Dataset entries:
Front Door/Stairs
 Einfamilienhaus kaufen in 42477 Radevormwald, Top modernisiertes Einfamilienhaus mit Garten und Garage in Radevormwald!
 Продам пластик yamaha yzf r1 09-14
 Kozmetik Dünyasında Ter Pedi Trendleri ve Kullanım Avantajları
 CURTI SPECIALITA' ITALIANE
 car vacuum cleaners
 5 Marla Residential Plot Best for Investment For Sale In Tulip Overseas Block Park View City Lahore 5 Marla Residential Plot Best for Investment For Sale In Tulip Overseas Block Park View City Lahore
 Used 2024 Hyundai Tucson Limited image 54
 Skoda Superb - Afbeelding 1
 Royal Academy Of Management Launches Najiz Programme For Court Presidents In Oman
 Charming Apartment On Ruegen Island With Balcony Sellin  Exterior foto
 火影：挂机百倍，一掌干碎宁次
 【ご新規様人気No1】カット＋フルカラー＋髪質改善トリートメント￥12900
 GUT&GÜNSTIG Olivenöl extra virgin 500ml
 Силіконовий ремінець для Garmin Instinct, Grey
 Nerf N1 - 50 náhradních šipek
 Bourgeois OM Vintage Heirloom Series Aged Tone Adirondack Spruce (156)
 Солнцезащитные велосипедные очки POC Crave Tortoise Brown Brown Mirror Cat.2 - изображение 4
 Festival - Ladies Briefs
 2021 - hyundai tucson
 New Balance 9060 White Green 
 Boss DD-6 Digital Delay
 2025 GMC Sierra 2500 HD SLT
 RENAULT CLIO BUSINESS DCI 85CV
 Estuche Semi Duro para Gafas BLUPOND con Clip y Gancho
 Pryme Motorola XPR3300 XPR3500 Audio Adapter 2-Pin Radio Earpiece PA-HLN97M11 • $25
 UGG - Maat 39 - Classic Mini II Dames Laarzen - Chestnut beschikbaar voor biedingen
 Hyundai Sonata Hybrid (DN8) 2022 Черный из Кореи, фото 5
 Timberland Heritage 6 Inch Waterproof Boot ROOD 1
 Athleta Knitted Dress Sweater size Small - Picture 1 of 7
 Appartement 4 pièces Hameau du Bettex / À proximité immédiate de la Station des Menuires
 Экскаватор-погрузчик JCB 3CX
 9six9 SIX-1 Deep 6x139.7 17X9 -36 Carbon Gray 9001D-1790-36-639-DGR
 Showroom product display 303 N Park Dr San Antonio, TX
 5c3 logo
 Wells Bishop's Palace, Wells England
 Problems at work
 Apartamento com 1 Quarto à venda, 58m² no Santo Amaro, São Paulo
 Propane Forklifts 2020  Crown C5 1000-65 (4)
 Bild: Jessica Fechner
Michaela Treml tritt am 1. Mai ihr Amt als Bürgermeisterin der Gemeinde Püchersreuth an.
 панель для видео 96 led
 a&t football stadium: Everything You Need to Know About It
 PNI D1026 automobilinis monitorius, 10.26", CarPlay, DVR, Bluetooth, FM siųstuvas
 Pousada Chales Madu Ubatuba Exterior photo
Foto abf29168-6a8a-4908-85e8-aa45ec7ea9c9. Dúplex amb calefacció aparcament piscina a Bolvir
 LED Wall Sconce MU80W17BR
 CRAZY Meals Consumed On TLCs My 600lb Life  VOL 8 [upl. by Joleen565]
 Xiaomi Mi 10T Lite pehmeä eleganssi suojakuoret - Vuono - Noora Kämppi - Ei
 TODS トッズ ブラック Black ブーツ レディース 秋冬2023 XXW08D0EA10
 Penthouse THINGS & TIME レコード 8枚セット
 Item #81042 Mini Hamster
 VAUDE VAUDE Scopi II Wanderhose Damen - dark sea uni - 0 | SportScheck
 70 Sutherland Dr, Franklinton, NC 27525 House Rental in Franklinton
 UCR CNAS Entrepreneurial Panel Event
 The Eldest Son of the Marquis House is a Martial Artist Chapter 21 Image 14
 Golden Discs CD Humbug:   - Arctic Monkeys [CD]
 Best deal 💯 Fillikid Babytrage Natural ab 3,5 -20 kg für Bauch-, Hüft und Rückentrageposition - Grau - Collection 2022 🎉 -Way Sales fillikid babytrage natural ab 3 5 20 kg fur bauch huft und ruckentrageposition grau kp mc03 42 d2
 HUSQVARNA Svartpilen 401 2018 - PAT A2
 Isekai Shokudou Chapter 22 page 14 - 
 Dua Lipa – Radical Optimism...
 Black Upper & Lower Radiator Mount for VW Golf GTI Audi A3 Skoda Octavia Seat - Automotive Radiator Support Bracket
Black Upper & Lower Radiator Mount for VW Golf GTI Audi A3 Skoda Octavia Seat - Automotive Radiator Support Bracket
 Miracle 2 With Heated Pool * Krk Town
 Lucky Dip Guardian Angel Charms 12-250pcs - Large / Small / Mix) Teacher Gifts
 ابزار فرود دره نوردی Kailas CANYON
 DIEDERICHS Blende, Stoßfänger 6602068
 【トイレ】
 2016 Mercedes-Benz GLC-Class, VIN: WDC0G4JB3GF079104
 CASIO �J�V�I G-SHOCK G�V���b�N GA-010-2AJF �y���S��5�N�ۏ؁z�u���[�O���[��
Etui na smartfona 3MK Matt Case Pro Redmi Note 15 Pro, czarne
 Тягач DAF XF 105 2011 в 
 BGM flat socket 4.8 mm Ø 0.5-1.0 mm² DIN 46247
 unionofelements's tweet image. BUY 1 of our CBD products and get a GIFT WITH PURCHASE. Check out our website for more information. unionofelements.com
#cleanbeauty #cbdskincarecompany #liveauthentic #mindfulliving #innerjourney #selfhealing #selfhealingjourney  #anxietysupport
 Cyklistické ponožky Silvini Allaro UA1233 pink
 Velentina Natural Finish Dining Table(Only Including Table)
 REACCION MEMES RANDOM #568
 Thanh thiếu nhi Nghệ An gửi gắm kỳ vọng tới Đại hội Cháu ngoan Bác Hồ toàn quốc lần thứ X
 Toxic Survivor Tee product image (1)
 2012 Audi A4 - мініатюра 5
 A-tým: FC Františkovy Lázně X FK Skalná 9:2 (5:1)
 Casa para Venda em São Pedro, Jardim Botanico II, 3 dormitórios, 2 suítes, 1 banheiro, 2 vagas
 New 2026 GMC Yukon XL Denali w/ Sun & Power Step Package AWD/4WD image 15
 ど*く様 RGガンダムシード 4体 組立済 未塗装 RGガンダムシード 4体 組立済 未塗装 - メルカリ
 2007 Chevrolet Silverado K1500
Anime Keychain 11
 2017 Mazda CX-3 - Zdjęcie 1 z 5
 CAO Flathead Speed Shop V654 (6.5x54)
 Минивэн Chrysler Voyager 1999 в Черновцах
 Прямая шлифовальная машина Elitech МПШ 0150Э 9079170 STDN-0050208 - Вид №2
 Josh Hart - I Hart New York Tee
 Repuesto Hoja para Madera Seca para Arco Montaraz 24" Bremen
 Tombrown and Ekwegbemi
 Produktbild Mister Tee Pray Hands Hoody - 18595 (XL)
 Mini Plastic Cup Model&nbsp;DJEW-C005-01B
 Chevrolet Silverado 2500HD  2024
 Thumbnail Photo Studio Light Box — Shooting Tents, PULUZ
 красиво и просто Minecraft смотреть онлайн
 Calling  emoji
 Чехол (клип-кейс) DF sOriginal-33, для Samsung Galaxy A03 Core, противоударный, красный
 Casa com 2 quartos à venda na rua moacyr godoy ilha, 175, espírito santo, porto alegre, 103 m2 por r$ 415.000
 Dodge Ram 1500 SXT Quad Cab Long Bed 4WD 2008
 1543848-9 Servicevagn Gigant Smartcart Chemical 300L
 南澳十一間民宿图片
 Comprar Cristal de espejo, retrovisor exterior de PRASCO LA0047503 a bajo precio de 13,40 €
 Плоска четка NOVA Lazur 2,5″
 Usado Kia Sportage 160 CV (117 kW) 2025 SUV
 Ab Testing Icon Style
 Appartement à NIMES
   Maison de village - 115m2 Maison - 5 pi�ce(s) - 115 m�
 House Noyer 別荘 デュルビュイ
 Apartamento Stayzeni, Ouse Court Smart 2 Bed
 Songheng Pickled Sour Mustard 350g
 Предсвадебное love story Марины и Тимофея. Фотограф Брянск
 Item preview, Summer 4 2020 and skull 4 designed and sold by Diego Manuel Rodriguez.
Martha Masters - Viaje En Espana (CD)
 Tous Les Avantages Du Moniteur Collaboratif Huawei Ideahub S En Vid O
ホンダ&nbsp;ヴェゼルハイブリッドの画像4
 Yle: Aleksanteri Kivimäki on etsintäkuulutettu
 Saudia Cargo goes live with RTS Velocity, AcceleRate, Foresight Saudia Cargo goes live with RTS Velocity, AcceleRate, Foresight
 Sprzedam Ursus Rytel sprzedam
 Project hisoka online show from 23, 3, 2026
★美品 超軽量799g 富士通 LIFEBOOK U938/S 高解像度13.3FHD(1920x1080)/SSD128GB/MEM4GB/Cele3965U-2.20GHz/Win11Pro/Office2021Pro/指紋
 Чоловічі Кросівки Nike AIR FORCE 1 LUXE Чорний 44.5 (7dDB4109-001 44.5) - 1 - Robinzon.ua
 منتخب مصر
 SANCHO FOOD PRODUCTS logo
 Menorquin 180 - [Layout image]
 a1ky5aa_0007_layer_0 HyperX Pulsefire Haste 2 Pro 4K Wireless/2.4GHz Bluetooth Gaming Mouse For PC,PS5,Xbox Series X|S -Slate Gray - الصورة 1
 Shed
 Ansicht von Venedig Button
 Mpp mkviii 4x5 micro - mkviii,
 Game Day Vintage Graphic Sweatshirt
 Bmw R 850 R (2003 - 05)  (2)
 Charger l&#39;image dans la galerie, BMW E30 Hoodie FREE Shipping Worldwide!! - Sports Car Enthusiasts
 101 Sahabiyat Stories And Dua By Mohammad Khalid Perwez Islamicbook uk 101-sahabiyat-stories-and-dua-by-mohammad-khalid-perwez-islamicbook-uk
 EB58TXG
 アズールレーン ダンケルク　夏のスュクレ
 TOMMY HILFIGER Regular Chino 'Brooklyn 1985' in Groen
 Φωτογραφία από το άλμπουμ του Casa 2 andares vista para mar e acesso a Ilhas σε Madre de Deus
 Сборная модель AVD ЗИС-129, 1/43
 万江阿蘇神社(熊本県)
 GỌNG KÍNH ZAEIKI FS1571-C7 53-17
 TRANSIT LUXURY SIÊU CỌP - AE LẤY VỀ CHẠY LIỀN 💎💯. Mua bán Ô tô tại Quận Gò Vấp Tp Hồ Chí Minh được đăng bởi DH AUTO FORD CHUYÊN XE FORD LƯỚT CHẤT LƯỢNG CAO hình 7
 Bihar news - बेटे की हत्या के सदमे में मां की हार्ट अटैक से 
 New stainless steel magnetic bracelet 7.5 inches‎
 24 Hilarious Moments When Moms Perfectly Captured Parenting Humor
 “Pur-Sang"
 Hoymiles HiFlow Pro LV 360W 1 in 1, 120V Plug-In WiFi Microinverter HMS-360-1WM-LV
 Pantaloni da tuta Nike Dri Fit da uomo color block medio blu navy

Problem to solve. Working through the entries above, copy every line in which "Automotive" is found.

Expected answer.
 Black Upper & Lower Radiator Mount for VW Golf GTI Audi A3 Skoda Octavia Seat - Automotive Radiator Support Bracket
Black Upper & Lower Radiator Mount for VW Golf GTI Audi A3 Skoda Octavia Seat - Automotive Radiator Support Bracket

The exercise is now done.